Keep a Copy of the Notification Letter

Wait for the landlord to respond - or not. Your landlord has 24 hours to start fixing immanently hazardous problems.


Take a Copy to Your Local Government, and Demand They Inspect the Premises

You have to know whether you live in the City or the County. This is not always obvious. If you go to the wrong municipality your response will be delayed. You have the right to demand they provide an inspection. Your authority is RCW 59 18 115 and RCW 59 18 085. Some places are going to look at you blankly and tell you to your face, "Oh, we don't do that." YES, they do. The trick is to get to the right person. You want a Building Official. If you cannot determine who to ask for help, you may want to contact an attorney to help you.


Be Available for the Inspection

Once you have asked for help, you have to be available so they official can get into your unit. This is just so the official can certify if the condition you are complaining about exists, or not. This is not how you get your landlord to replace your carpets, this is what you do when you don't have a functioning sewer or safe electricity.

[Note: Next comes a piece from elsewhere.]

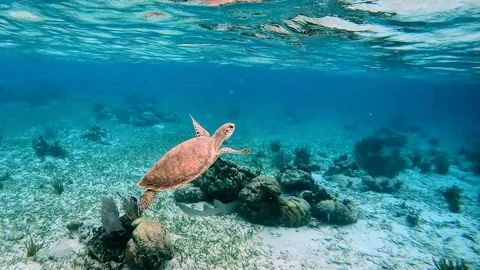 Short but sweet trip to Belize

Wait for the Inspection Report

Once you receive it, you can determine whether you have standing to ask for a relocation remedy. This is $2,000 or three month's rent, and all your costs and reasonable attorney fees(!) If you are entitled to it, you are entitled to receive it within seven days. Your landlord is supposed to pay it, but if that doesn't happen, you can request that the city or county pay you instead.